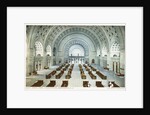 Grand Lobby, Union Station, Washington, D.C. Postcard by Anonymous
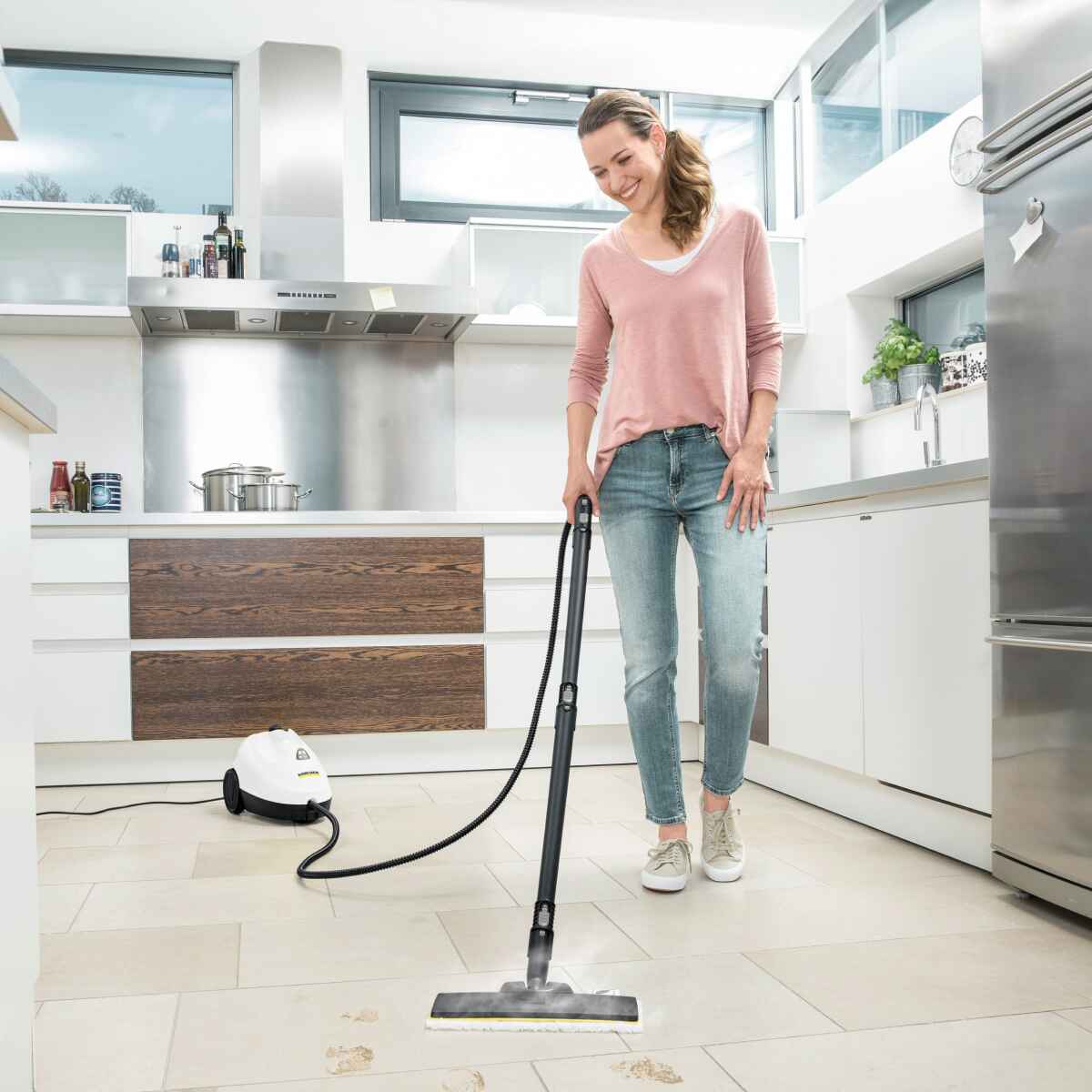 Limpiadora a vapor SC2 1500W 1L Karcher 1.512 600.0 6 Limpiadora a vapor SC2 1500W 1L Karcher - Imagen 6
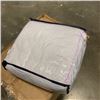 Image 3 : CASE OF 8 QUEEN SIZE MATTRESS COVER
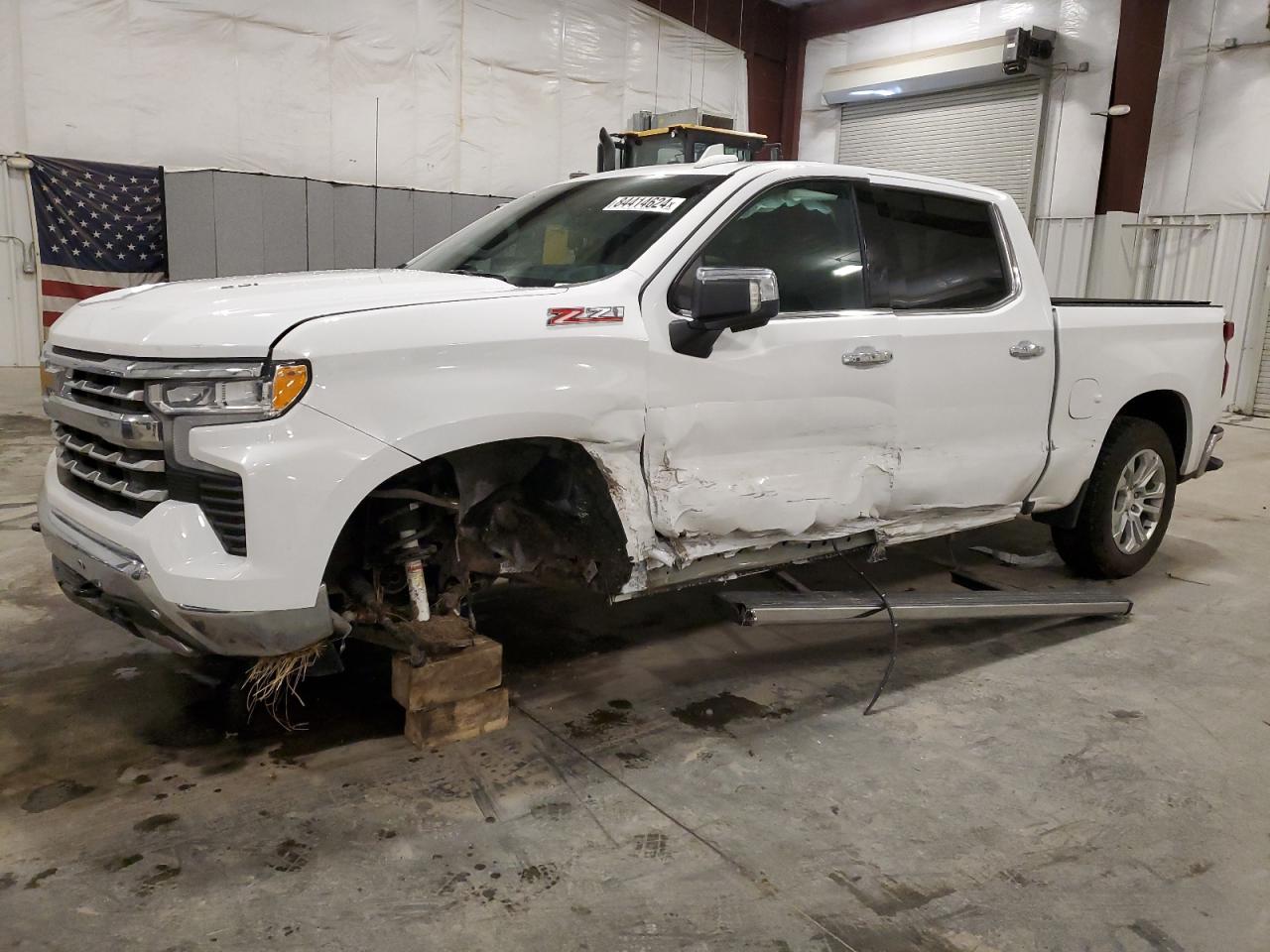 CHEVROLET 1500 2024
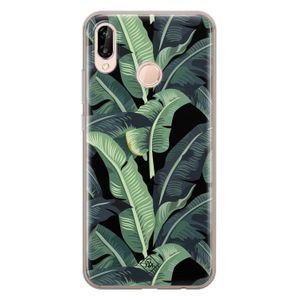 Huawei P20 Lite siliconen hoesje - Bali vibe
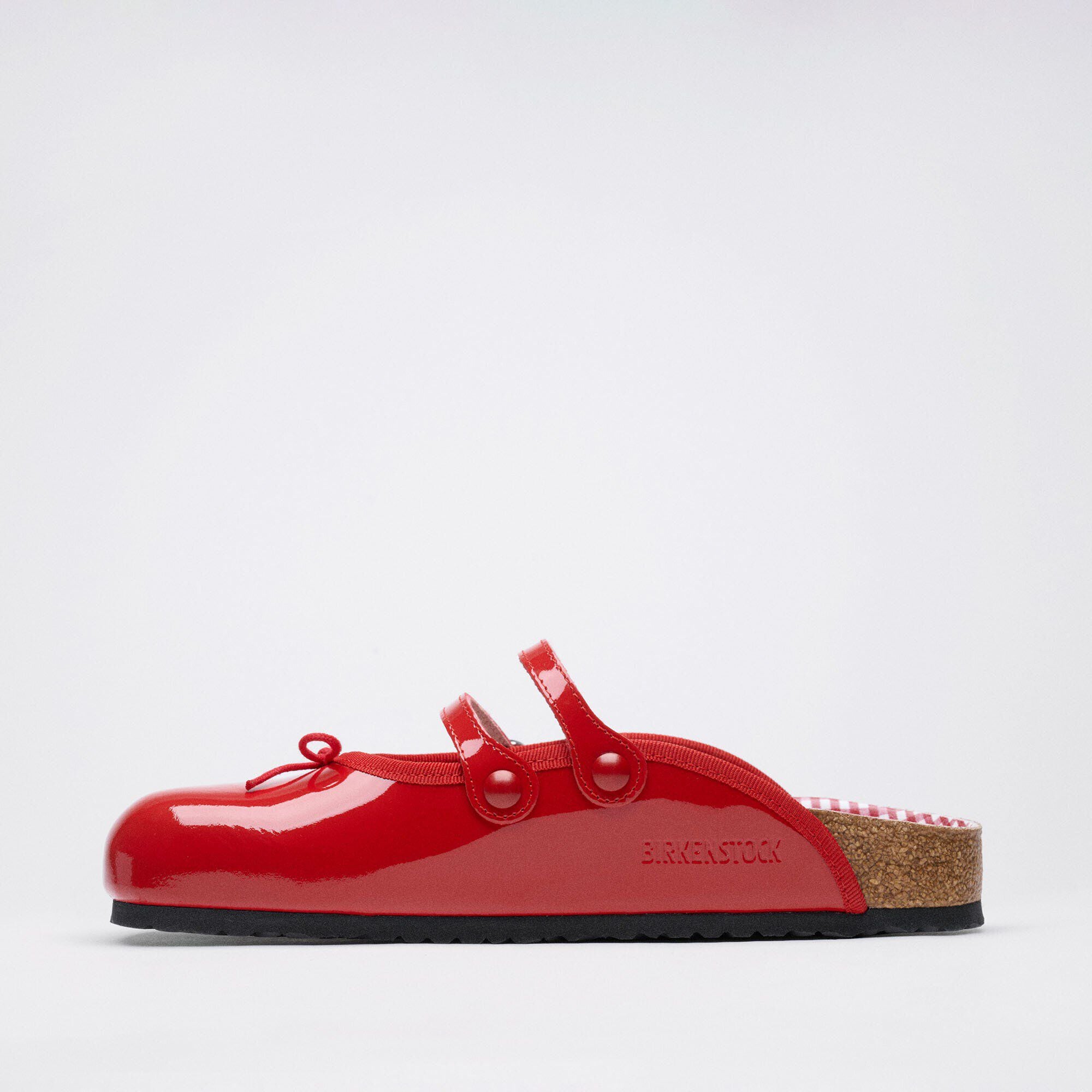 Repetto Scala Patent Leather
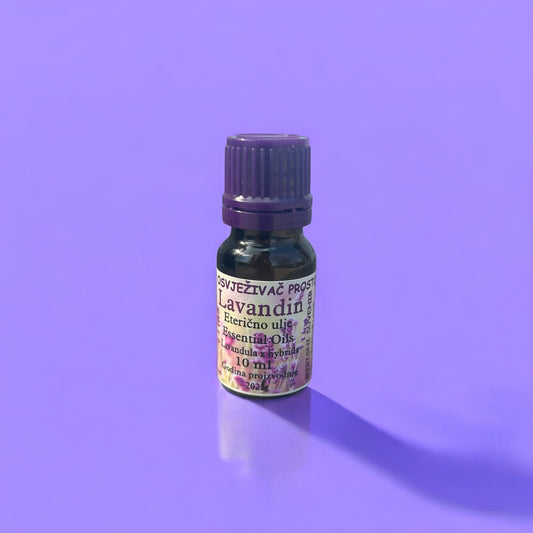 Eterično ulje lavandina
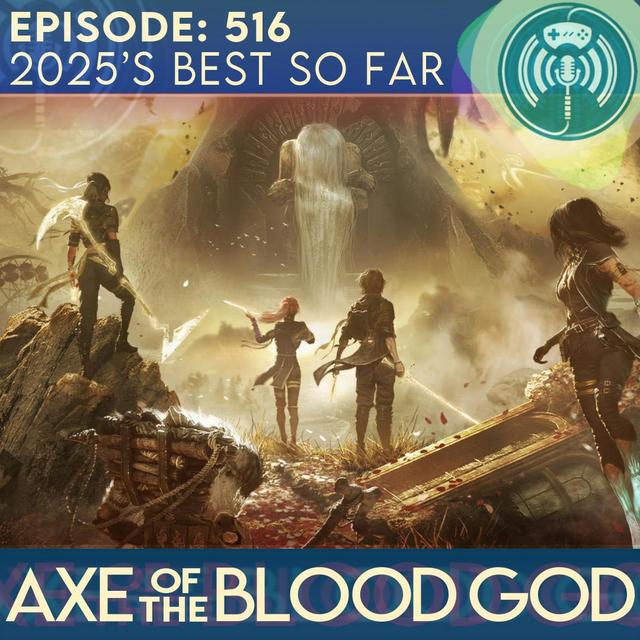 2025's Best RPGs So Far, What To Look Forward To - podcast episode cover
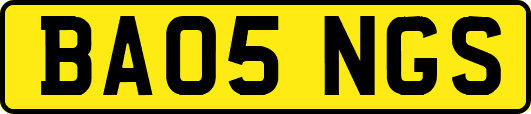 BA05NGS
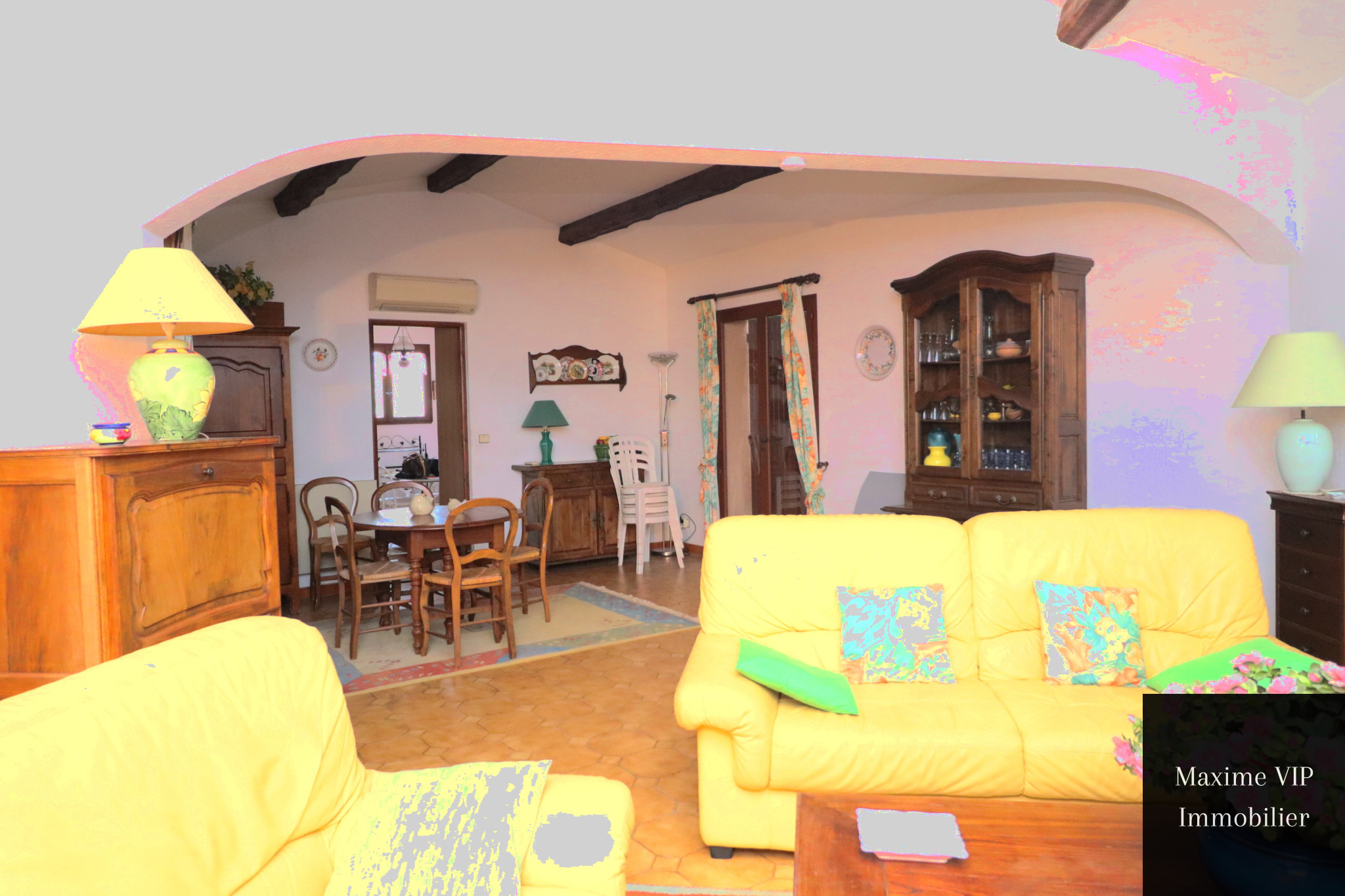 Agence immobilière de Maxime Vip Immobilier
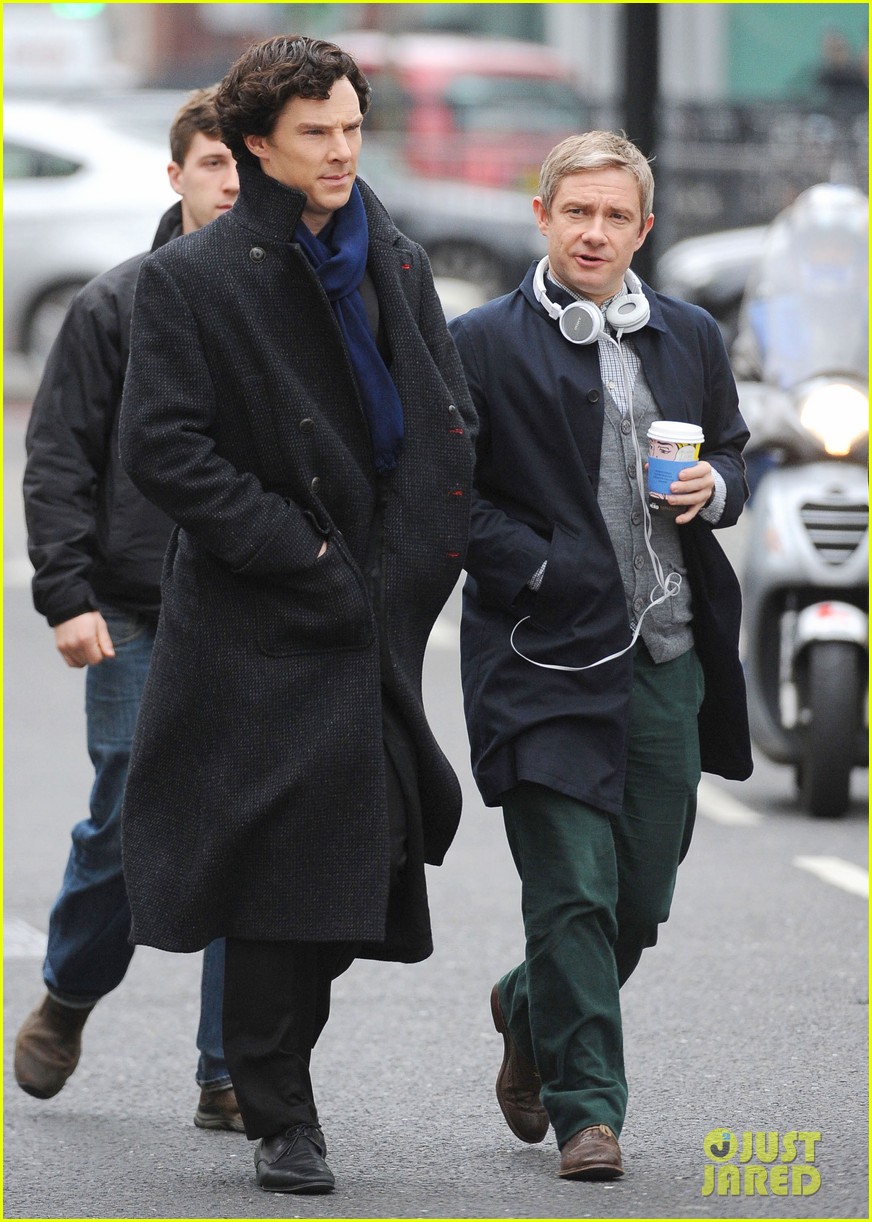 Benedict Cumberbatch, photo #645902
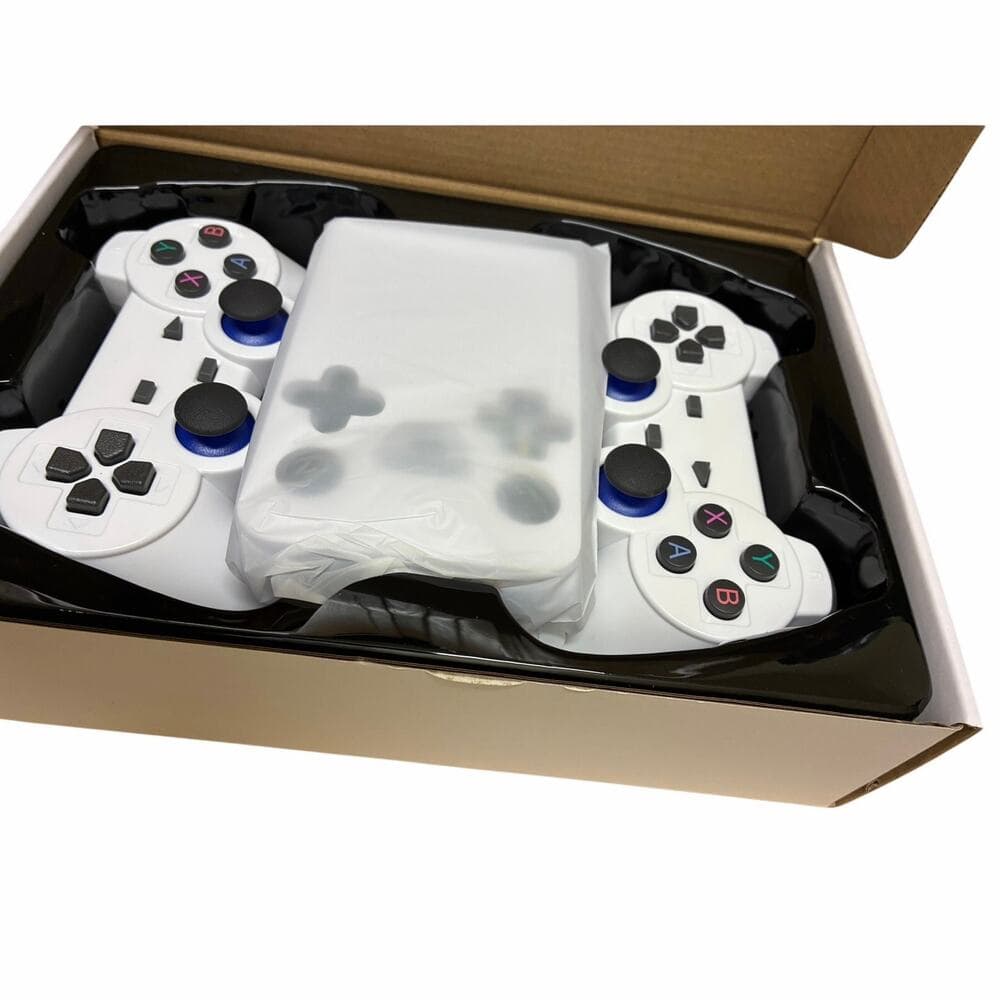 M18 Pro Game Console White - Thumbnail 2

──────

» **Exercise**
In the answer, include exactly the lines from the one containing "2025's Best RPGs" through the end of the records above and no pictures at all.

» **Output of the exercise**
 2025's Best RPGs So Far, What To Look Forward To - podcast episode cover
 BA05NGS
 Agence immobilière de Maxime Vip Immobilier
 Benedict Cumberbatch, photo #645902
 M18 Pro Game Console White - Thumbnail 2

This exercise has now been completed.